The U.S. economy seems to be on the mend and, barring unforeseen developments, Barack Obama appears to be the favorite to win the 2012 presidential election.
Ron Insana, a senior analyst for CNBC, shared those views earlier this month at the 2011 annual meeting of the Association for Advanced Life Underwriting (AALU), Reston, Va.
“We do face some political risks, some of which are economic,” Insana said. “We have more tailwinds than we have headwinds. Despite the glitch we saw in first quarter GDP, the U.S. economy is in relatively good shape.”
“Barring a double-dip recession or a real problem in geopolitical terms, the president has the upper hand. Effectively, the campaign is his to lose. The Republicans have yet to field a candidate who I think would pose a serious challenge.”
Insana said Federal Reserve Board Chairman Ben Bernanke deserves a good measure of credit for bringing the United States back from the brink during the 2008 financial crisis. He argued that Bernanke is a student of the Great Depression who implemented “extraordinarily enlightened policies” and should be applauded for his “heroic efforts.”

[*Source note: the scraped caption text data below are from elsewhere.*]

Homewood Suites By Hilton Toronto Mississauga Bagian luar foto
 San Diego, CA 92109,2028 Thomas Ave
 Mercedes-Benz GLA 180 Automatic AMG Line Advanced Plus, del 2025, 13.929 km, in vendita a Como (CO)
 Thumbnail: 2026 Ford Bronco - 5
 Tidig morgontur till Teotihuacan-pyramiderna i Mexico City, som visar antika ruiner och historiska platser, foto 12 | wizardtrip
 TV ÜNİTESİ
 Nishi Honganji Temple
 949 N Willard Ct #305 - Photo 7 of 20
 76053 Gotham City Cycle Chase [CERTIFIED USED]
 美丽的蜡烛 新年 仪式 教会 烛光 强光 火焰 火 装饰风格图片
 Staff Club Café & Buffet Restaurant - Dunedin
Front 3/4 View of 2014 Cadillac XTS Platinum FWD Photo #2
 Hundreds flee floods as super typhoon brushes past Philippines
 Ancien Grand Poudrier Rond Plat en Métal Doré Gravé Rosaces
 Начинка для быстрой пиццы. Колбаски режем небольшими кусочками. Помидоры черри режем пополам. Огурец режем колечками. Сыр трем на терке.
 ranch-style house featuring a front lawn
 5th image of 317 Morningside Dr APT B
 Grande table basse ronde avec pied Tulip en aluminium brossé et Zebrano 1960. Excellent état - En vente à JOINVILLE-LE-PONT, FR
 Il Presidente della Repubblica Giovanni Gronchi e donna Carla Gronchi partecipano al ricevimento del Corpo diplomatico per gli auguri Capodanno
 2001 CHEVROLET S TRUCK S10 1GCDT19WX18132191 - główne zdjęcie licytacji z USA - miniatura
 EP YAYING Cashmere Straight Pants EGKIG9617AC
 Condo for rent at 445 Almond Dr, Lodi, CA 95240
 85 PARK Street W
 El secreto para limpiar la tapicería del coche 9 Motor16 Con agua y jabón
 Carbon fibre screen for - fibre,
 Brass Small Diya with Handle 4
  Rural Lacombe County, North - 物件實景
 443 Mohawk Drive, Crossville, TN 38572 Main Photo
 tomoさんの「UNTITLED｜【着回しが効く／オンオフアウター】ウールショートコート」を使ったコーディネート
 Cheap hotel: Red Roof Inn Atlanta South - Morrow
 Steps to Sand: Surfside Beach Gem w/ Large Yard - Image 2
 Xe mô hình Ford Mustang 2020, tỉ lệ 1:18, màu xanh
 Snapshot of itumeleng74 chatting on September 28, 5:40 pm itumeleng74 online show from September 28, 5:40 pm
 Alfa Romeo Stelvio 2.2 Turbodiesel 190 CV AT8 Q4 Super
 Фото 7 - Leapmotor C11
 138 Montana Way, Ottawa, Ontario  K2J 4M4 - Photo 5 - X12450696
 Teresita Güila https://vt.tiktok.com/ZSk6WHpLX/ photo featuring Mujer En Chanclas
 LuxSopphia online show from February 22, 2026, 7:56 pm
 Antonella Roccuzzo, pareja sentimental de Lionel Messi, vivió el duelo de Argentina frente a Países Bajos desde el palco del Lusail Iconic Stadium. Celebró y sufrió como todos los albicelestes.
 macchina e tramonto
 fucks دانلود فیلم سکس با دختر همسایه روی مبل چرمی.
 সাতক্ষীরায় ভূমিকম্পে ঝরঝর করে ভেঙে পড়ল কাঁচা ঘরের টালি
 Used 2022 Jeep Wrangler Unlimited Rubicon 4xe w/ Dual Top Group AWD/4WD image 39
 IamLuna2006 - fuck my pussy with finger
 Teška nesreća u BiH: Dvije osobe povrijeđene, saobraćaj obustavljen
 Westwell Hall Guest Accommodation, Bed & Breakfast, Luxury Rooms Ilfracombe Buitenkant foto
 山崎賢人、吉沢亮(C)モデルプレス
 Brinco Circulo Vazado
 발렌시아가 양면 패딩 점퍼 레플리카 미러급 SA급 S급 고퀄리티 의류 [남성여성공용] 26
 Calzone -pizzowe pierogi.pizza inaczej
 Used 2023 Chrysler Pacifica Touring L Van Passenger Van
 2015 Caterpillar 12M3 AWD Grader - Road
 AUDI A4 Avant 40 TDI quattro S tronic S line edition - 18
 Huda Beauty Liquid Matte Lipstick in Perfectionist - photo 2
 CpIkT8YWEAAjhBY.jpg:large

Insana said his own theme for 2011 and beyond is that “there is no place like home,” because the U.S. economy now looks to be better positioned for growth than developed and emerging market economies. He believes China, India, Brazil, Australia and Europe now all are facing issues that could crimp their economies.
“We are, in absolute and relative terms, the best place around as far as [economic] opportunity goes,” Insana said. “Detroit [auto makers] are making a comeback and the manufacturing sector has been experiencing a renaissance.”